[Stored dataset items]
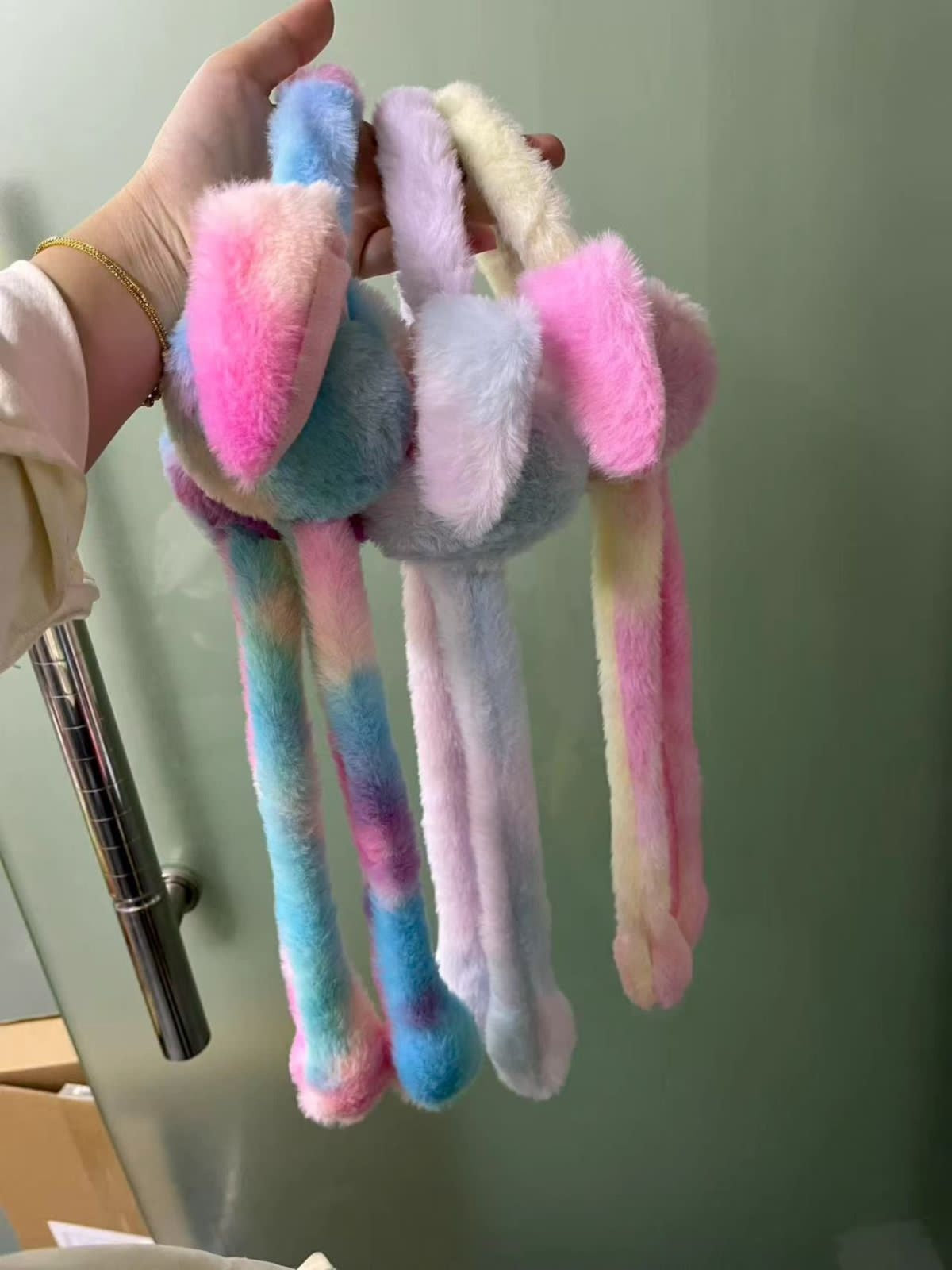 New Style Plush Earmuffs with Moving Bunny Ears - Fluffy Multi-Color Winter Headband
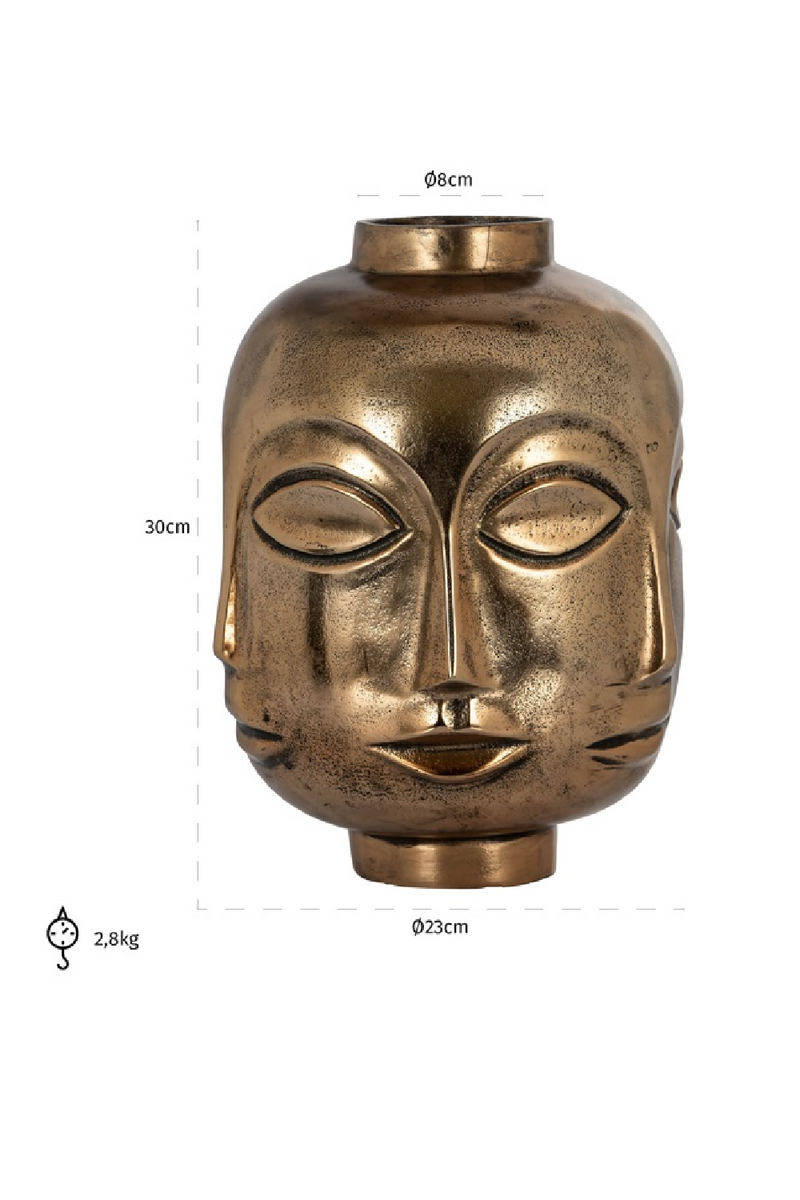 Gold Face Vase | OROA Hardy | Oroatrade.com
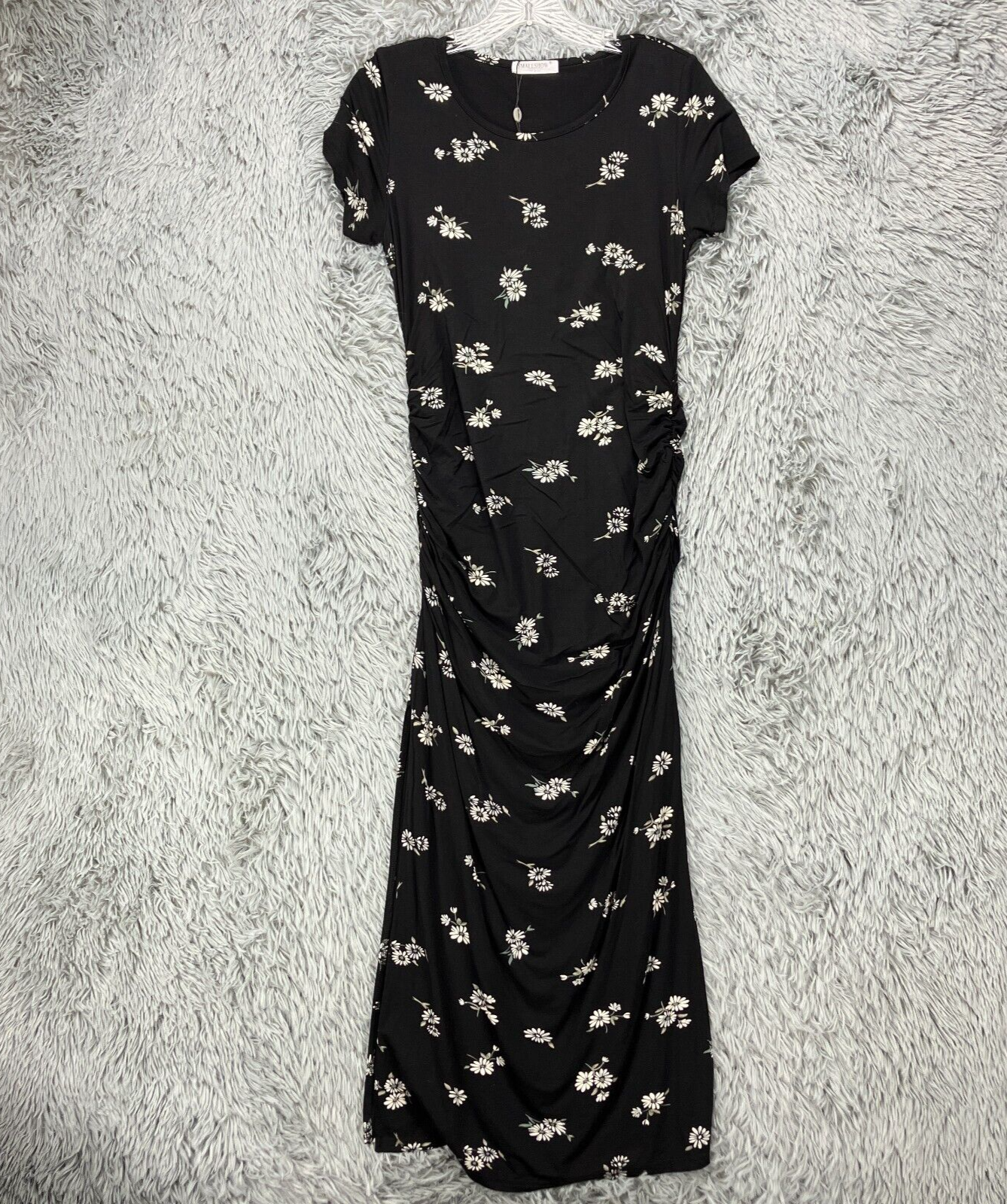 Smallshow Maxi Dress NWOT Women's S Black Floral Ruched Side Slit Stretch Casual-image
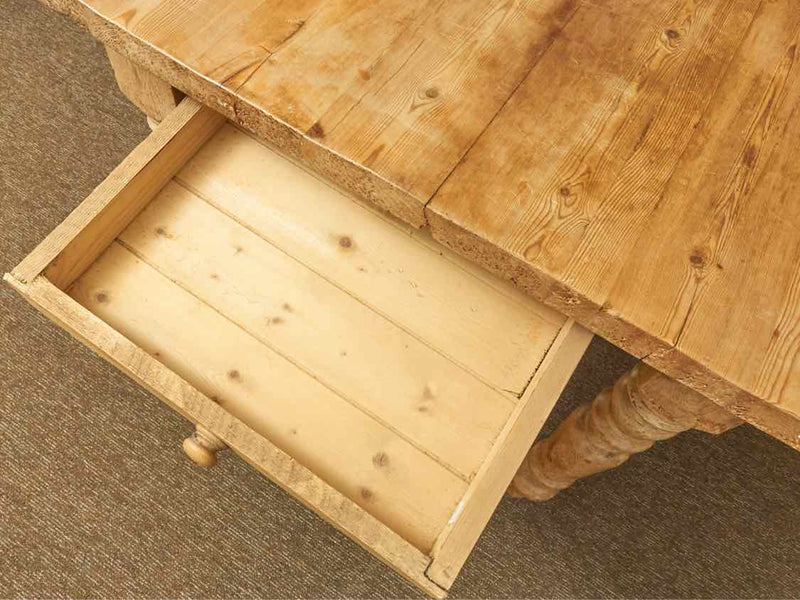 Rustic Pine Turned Legs 1 Drawer Dining Table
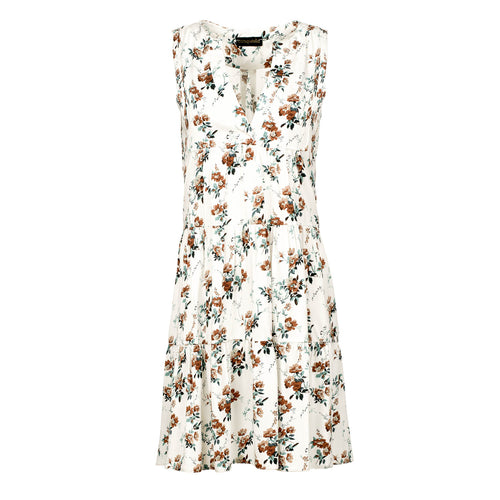 Sleeveless Ecru Floral A Line Dress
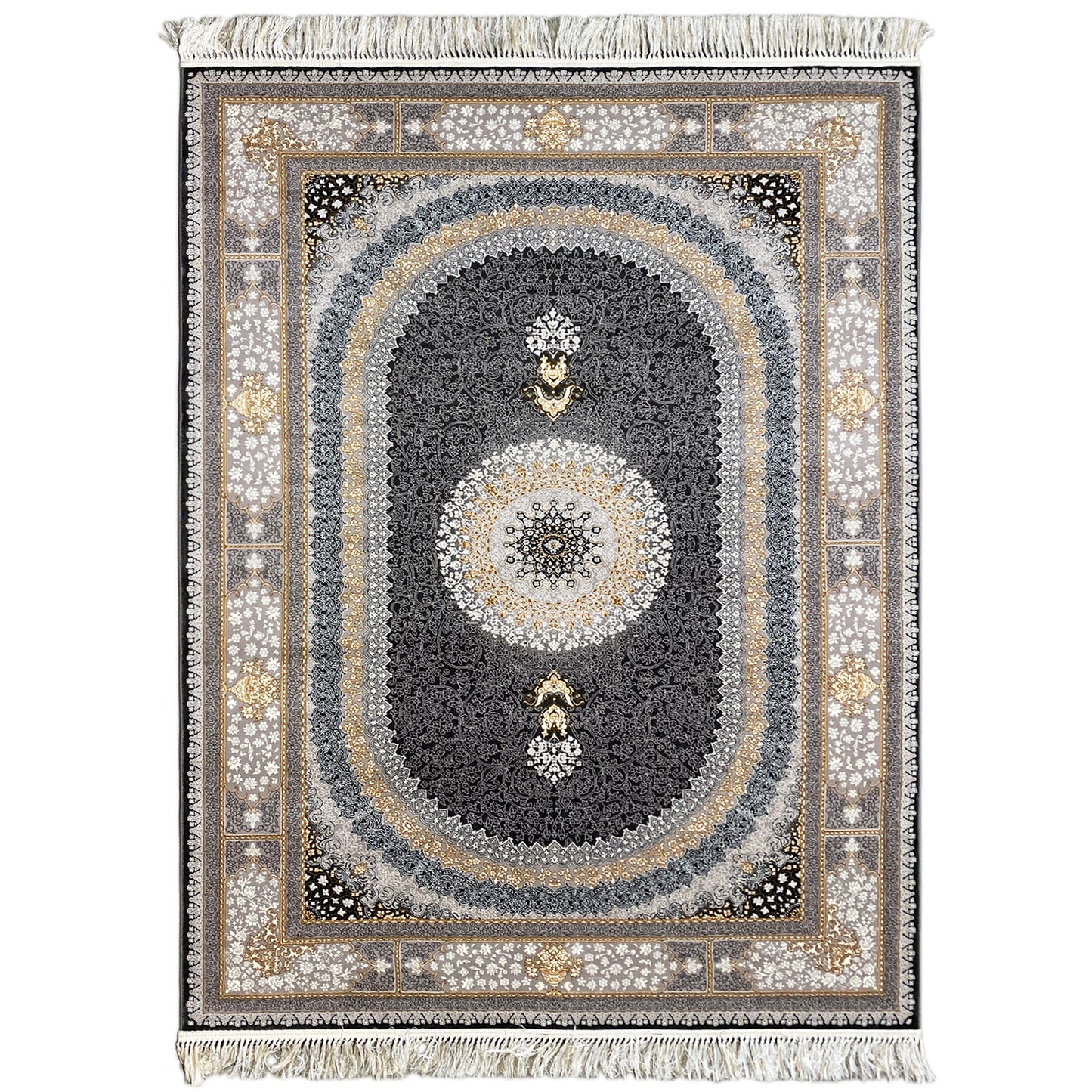 Gewebter Teppich aus Polypropylen in Grau und Silber mit klassischem Medaillon-Muster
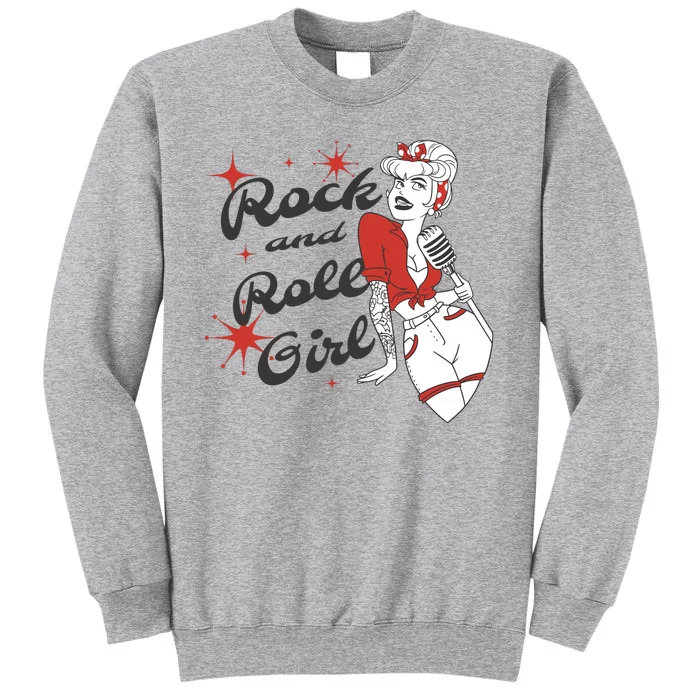 Rock And Roll Girl Vintage Tall Sweatshirt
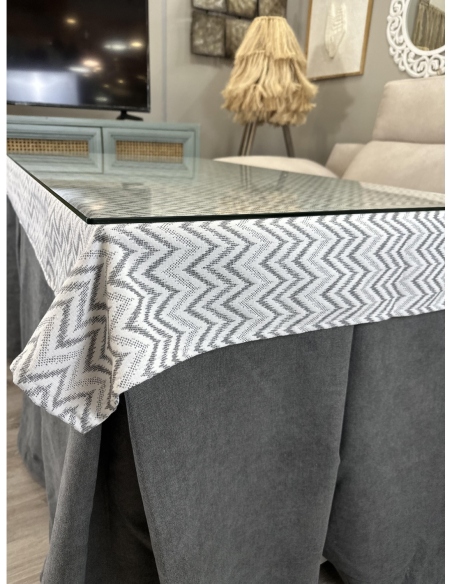 Ropa de Mesa Camilla Antimanchas Aterciopelada Triple Grueso Reforzada 10 pliegues profundos Gris con Tapete Torino Gris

• _What the task asks_
You are asked to reproduce each line above exactly, but to exclude the pictures.

• _Result for this exercise_
 New Style Plush Earmuffs with Moving Bunny Ears - Fluffy Multi-Color Winter Headband
 Gold Face Vase | OROA Hardy | Oroatrade.com
 Smallshow Maxi Dress NWOT Women's S Black Floral Ruched Side Slit Stretch Casual-image
 Rustic Pine Turned Legs 1 Drawer Dining Table
 Sleeveless Ecru Floral A Line Dress
 Gewebter Teppich aus Polypropylen in Grau und Silber mit klassischem Medaillon-Muster
 Rock And Roll Girl Vintage Tall Sweatshirt
 Ropa de Mesa Camilla Antimanchas Aterciopelada Triple Grueso Reforzada 10 pliegues profundos Gris con Tapete Torino Gris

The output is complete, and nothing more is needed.